By Nov. 1814, the building apparently was proceeding so that they could now raise subscriptions for the support of Rev. McGuire as the minister and the building. Subscriptions would be collected based on the town organization into four wards.

By March 15, 1815, there were cost overruns. Earlier, in Sept, 1814, the trustees agreed to apply for a $1,500 loan to the Farmers Bank for construction. $2,000 was now needed to borrow for the galleries and the plastering of the church. This request was likely made to the Bank of Virginia. In April they would advertise in the newspapers for additional subscriptions.

By Oct. 16, 1815 the pews were to be advertised – single pews not under $100 and double pews not under $200. The purchasers could borrow on credit for “three and six months.” Costs now to be covered include the painting the inside and the doors and shutters. Any surplus would go back to the subscribers in relationship to their original subscription.

We know little of the inside of the second church. There were at least 2 side galleries, 2 doors leading to them and an organ gallery and at least two doors, presumably on the outside of the church. There was also a bell. The organ would be take from the first church and “put in complete repairs.” They would reserve the seats on the “right and left of each door of the galleries” for the “People of Colour.”

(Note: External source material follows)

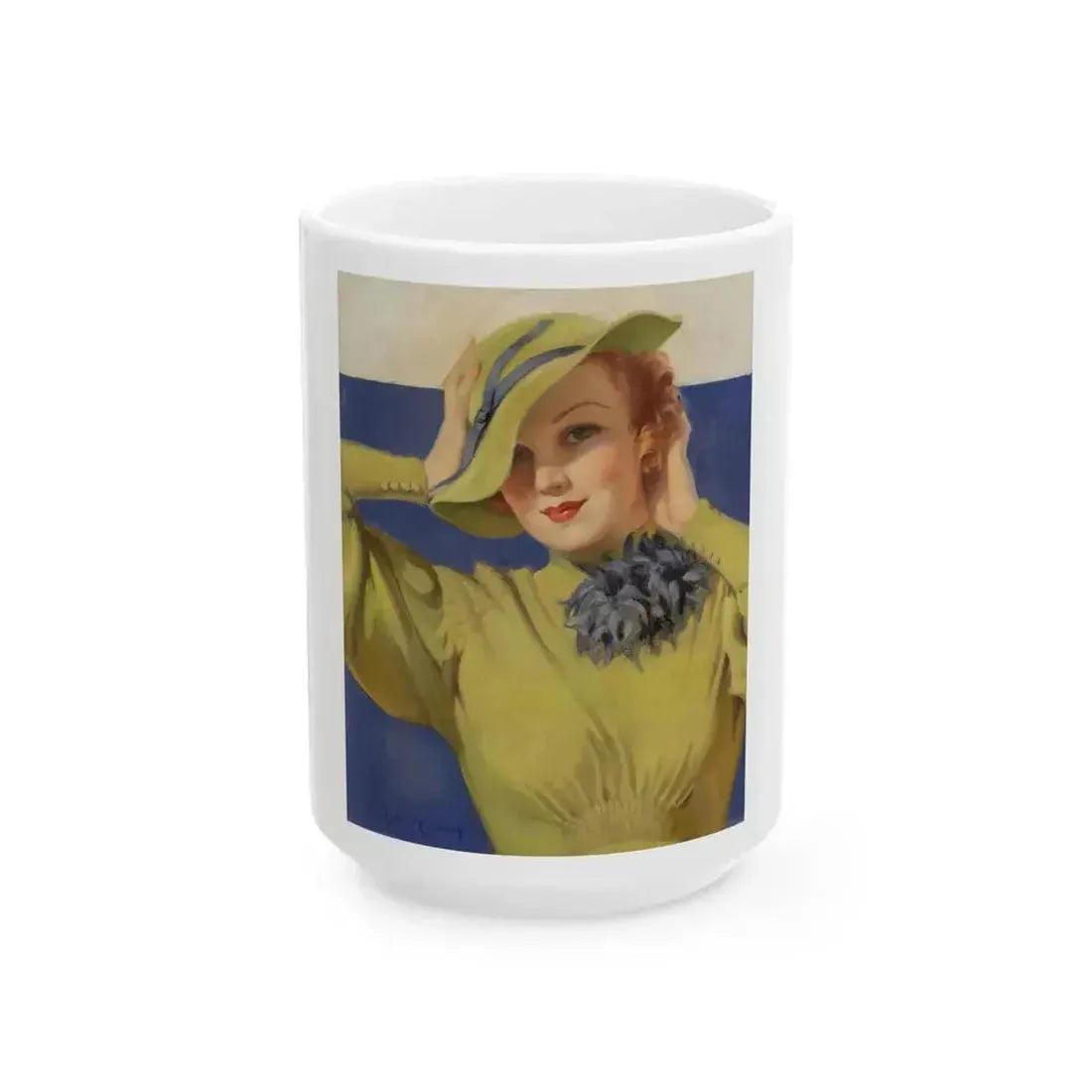 Blue-eyed Beauty, American magazine cover, April 1934 - White Coffee Mug 15oz - Go Mug Yourself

Mercer continued to serve on the Vestry when the Vestry minutes end in 1817. They were meeting at the courthouse or homes in 1816 which could indicate a lack of a meeting room (Faulkner Hall had not been built) or an unfinished church although it had been consecrated. They took up issues of the convention of the Episcopal Church in Virginia. Apparently one was discipline in the church and the suspension of certain canons. While certain canons (numbers 6 and 7) they agreed in suspending, they were opposed to trials of “supposed offenders” which could cause a rift in the church. They supported looking to the Holy Spirit and conscience as the best ways to proceed.

His last recorded act was to write a letter to the Mayor and Council that the sexton be employed to ring the bell for town functions and that he would be paid for doing so.

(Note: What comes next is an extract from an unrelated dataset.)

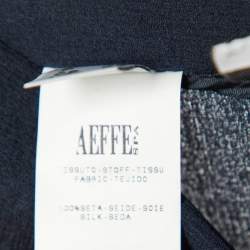 مملوكة مسبقًا Moschino Couture Navy Blue Silk Chiffon Pleated Detail Maxi Skirt M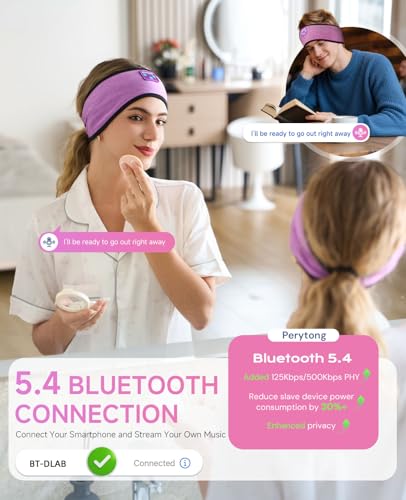 Image of Perytong Sleep Headphones Bluetooth Headband Over On Ear Bluetooth 5.4 Sleeping Earbuds Earphones, Wireless Headphones for Side Sleepers Men Women Sports, Insomnia, Yoga, Air Travel, Meditation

Mercer participated in many civic events outside of St. George’s. In May 1819 Mercer chaired and addressed the meeting that created the American Colonization Society branch at St. George’s for Fredericksburg, leading to the adoption of a constitution as well as a committee to obtain additional subscribers.

In 1823, he was president of the Fredericksburg Classical Academy. At the time there were 30 pupils primarily studying Greek and Latin. (Serving with him was Rev. McGuire). He was also trustee of another school, the Female Charity School in 1823 at a time when they lamented the “impoverished state of the funds). They appealed to the public for additional contributions to “feed and clothe and educate indigent female children, who, but for its protection would be left to idleness and ignorance and vice.” He served that group as early as 1807 as a trustee.

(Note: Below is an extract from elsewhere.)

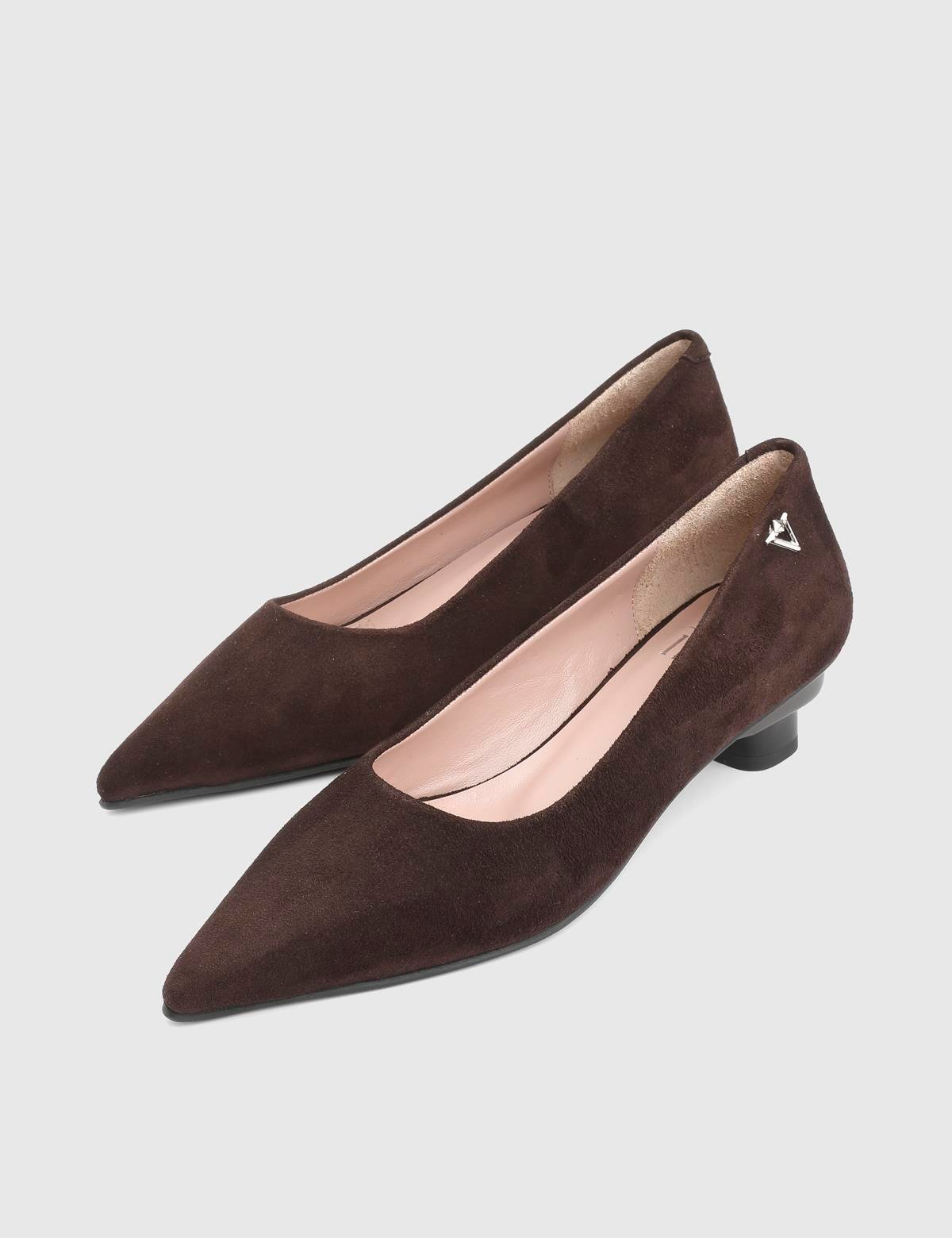 Renita Brown Suede Leather Women's Pump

He served on the committee preparing for Lafayette’s visit in 1824 and 10 years later as a pallbearer in a local funeral for Lafayette
Over a period from 1817 until 1851 he served as a director for Bank of Virginia.

He died in 1853 and the funeral was at the Presbyterian. He may have been one who switched to that church in the 1830’s when the current Presbyterian Church building was established. (He left the Vestry in 1829). He is buried in the Fredericksburg Cemetery.